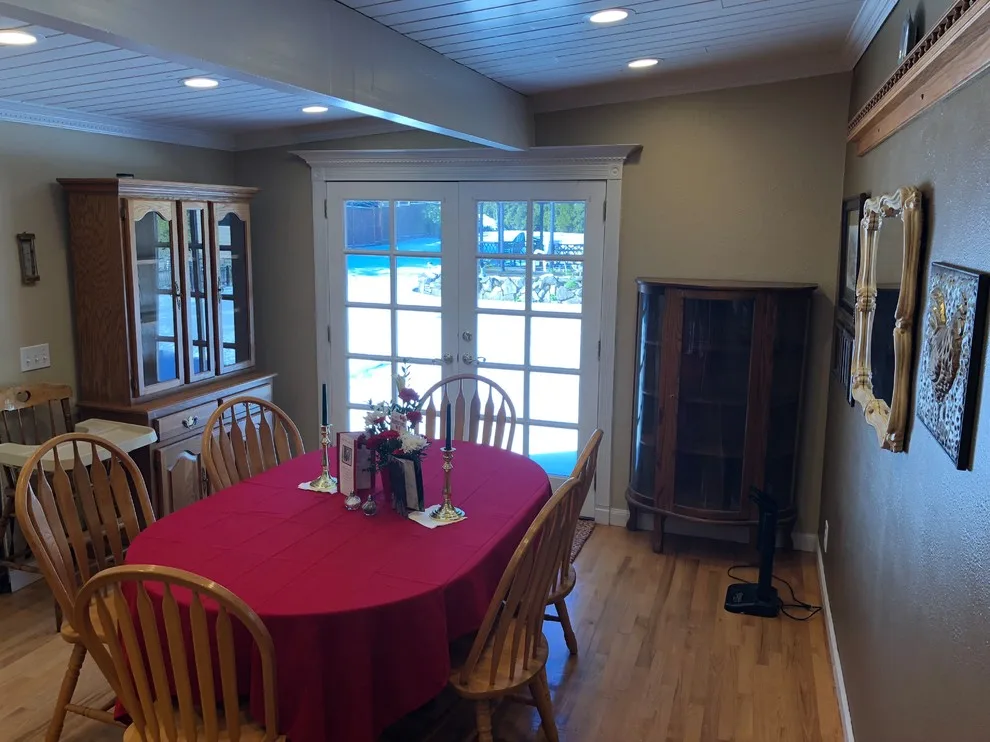 Shulz Initiative by Elevation Home Designs - Photo 25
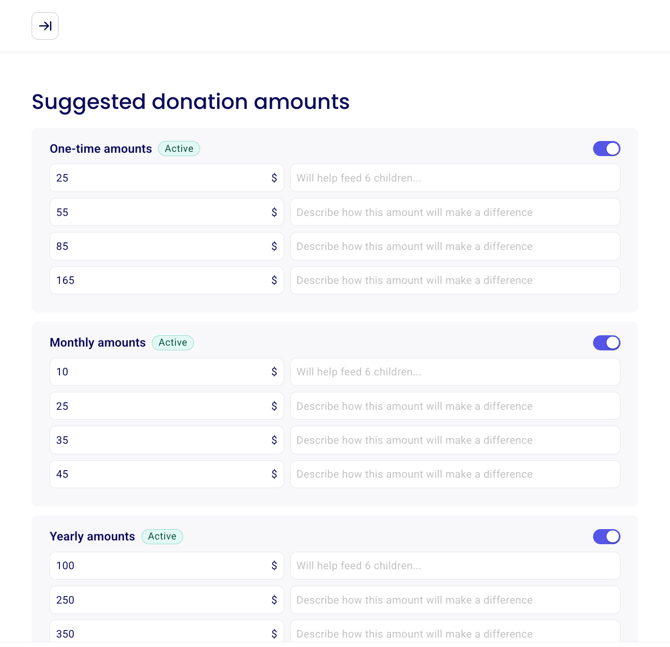 Screenshot 2026-01-15 at 11.34.22 AM
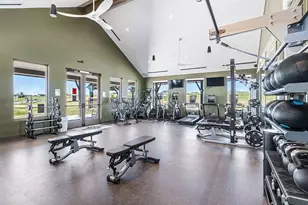 1369 E Witherspoon Dr, Elizabeth, CO 80107 - Photo 46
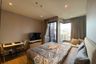 1 Bedroom Condo for sale in Na Kluea, Chonburi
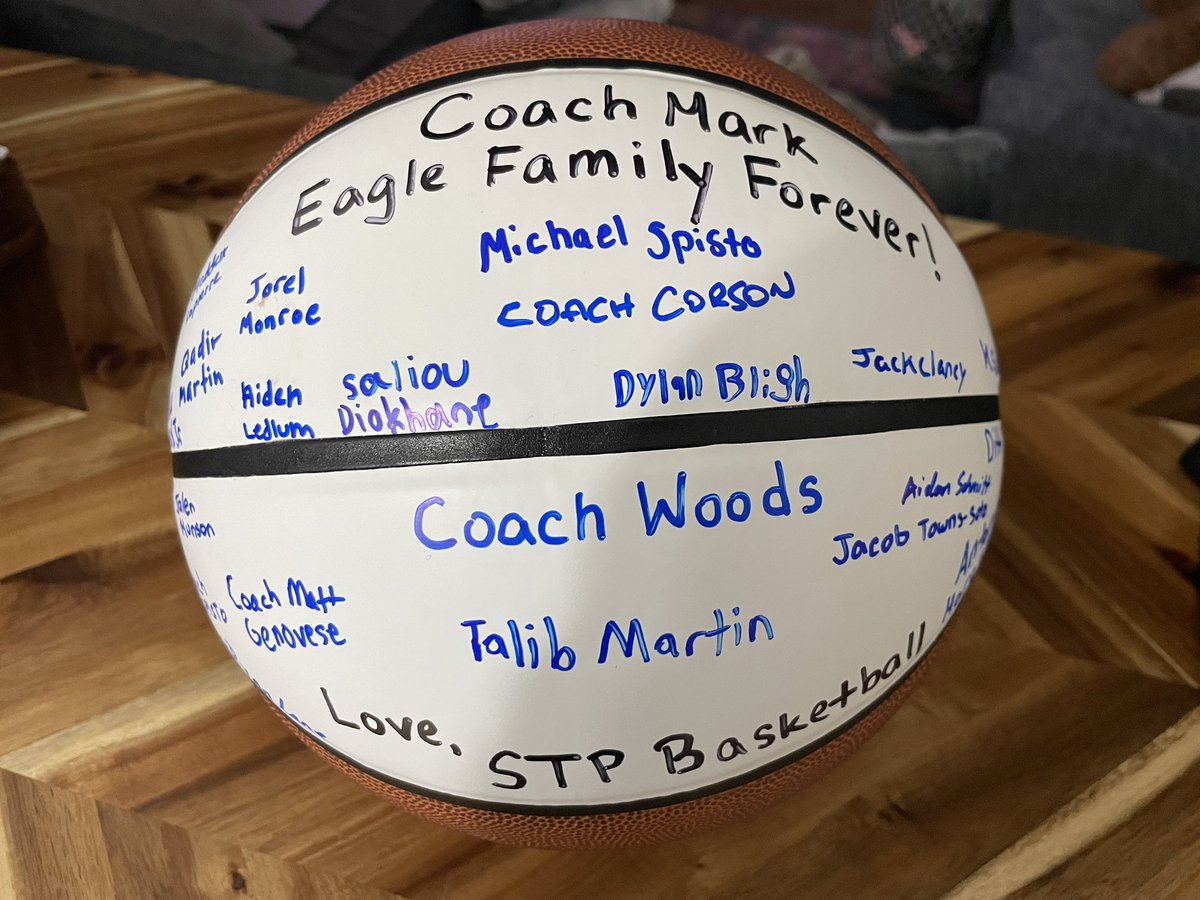 STP_Eagles tweet picture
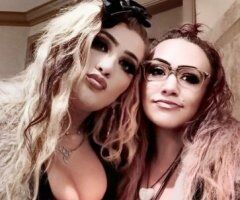 Together or Separate — Car Dates, Outcalls, In-Call - Image 9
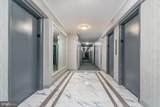 922 24TH Street - Photo 22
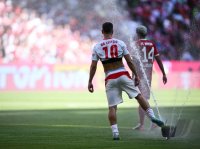 Fussball  Telekom Cup 2026 FC Bayern Muenchen -  RB Leipzig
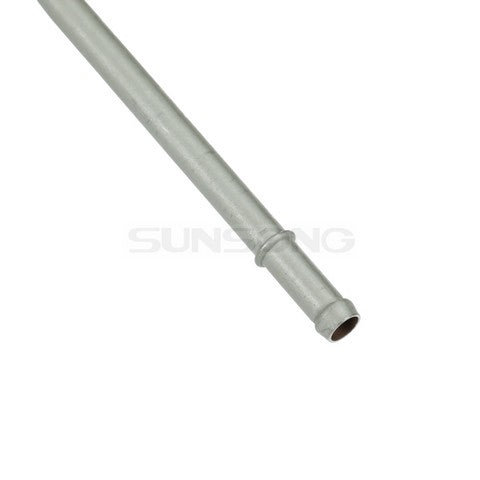 Sunsong Automatic Transmission Oil Cooler Hose Assembly P/N:5801379 Fits: Ford Explorer 01-97, Mercury Mountaineer 01-98 - Image 3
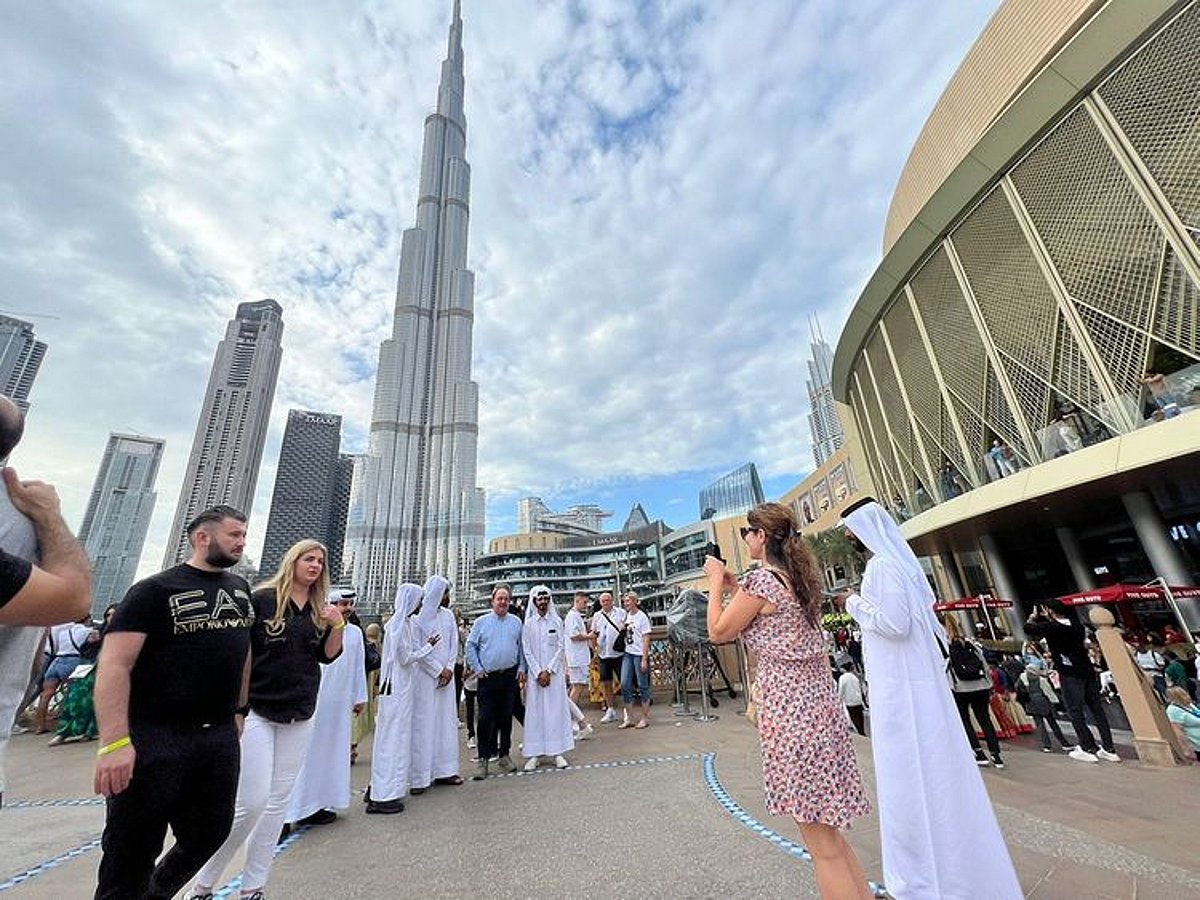 Dubai's Dh1 billion stimulus: What it means for companies and jobs - Gulf News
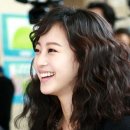 그래도예뻐 이미지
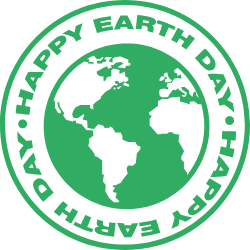 <span style="color: #07aefc"></span>素材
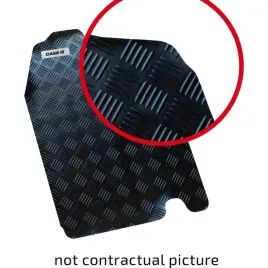 mata-podlogowa-case-ih-73328008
______________________________
*What the task requires*: Set down again, exactly, the lines of the material above from its first line to the one with "Telekom Cup 2026", inclusive. Leave the pictures out.

*Response below*:
 Shulz Initiative by Elevation Home Designs - Photo 25
 Screenshot 2026-01-15 at 11.34.22 AM
 1369 E Witherspoon Dr, Elizabeth, CO 80107 - Photo 46
 1 Bedroom Condo for sale in Na Kluea, Chonburi
 STP_Eagles tweet picture
 Together or Separate — Car Dates, Outcalls, In-Call - Image 9
 922 24TH Street - Photo 22
 Fussball  Telekom Cup 2026 FC Bayern Muenchen -  RB Leipzig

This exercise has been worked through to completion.